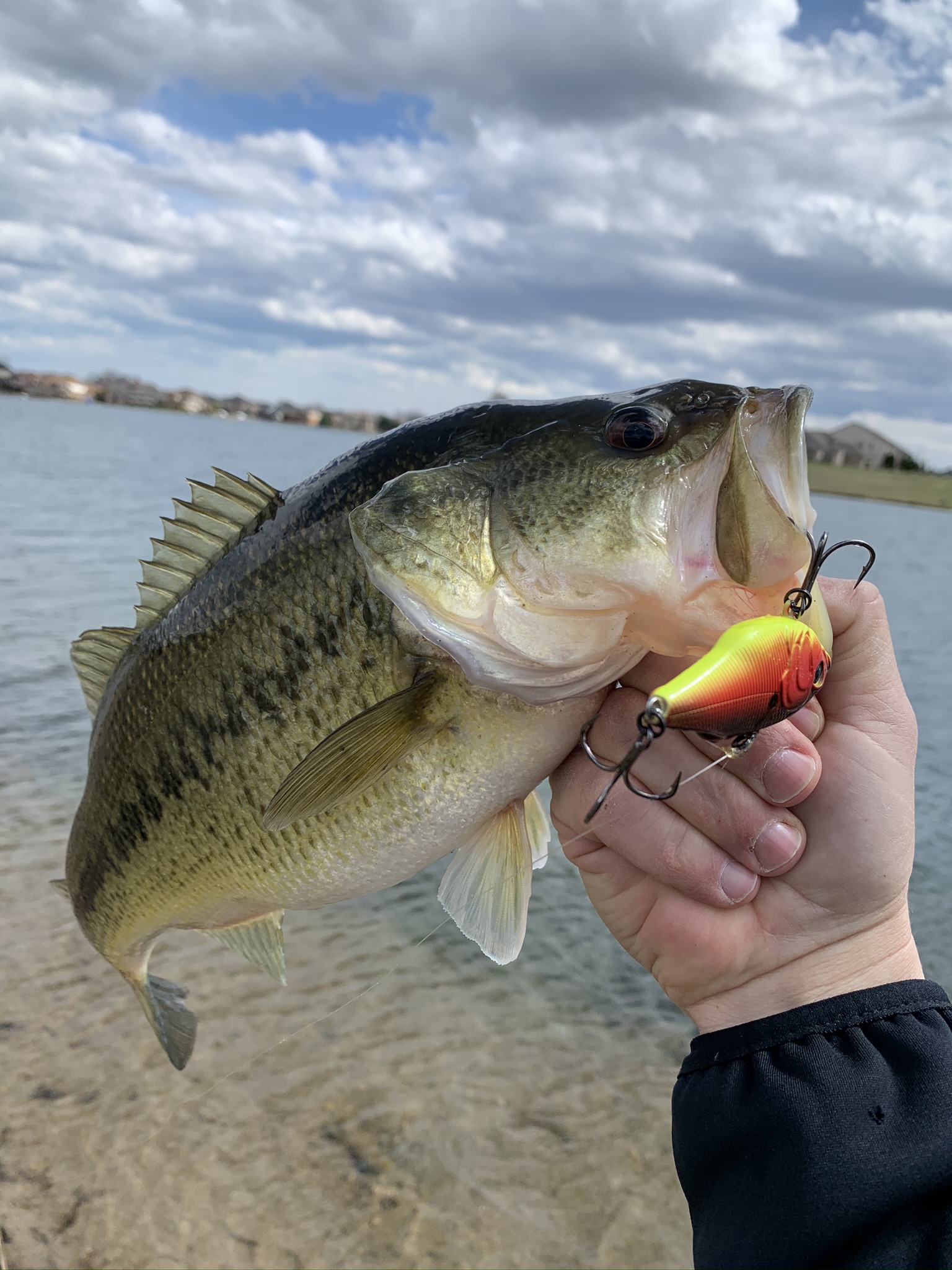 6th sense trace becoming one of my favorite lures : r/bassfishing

* * *

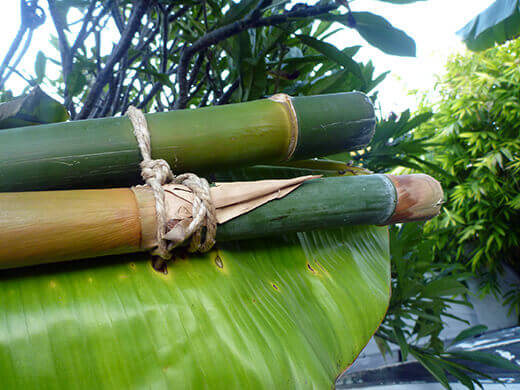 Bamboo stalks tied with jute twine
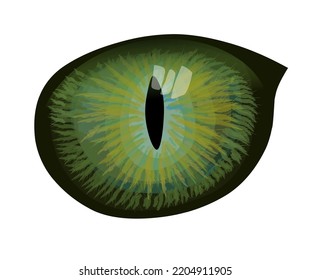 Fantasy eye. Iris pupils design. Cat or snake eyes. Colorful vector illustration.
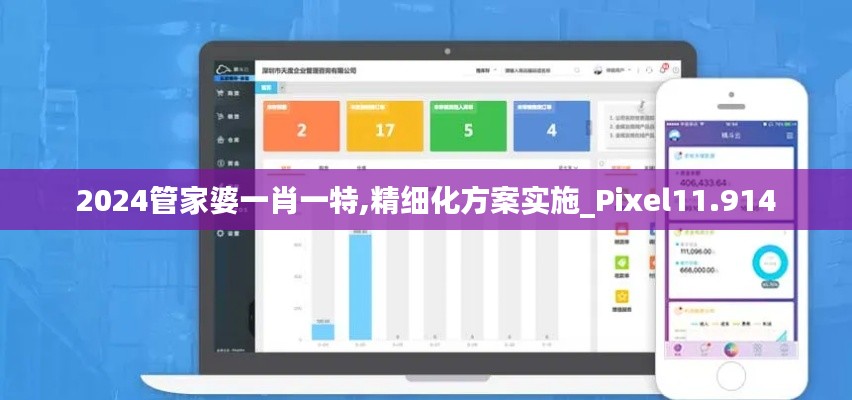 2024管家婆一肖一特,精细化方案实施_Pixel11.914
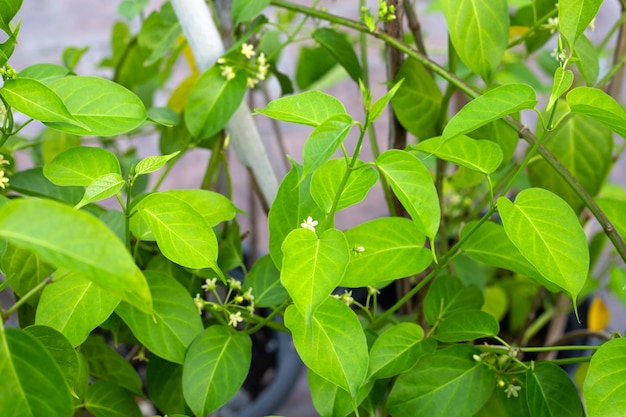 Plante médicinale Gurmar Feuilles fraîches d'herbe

==

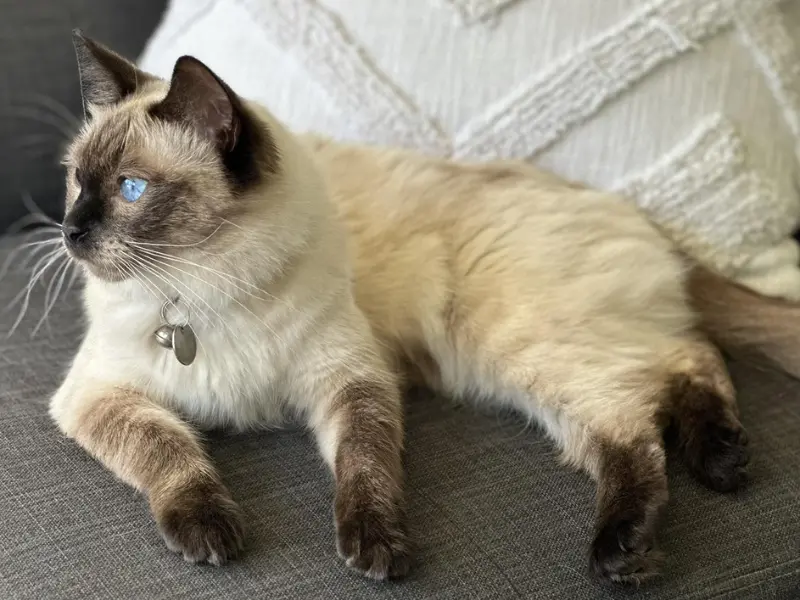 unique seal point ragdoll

What needs to be done: Beginning with the line that contains "Fantasy eye. Iris" and ending with the line that contains "Plante médicinale Gurmar", reproduce the listing exactly, pictures excluded.

Written answer:
 Fantasy eye. Iris pupils design. Cat or snake eyes. Colorful vector illustration.
 2024管家婆一肖一特,精细化方案实施_Pixel11.914
 Plante médicinale Gurmar Feuilles fraîches d'herbe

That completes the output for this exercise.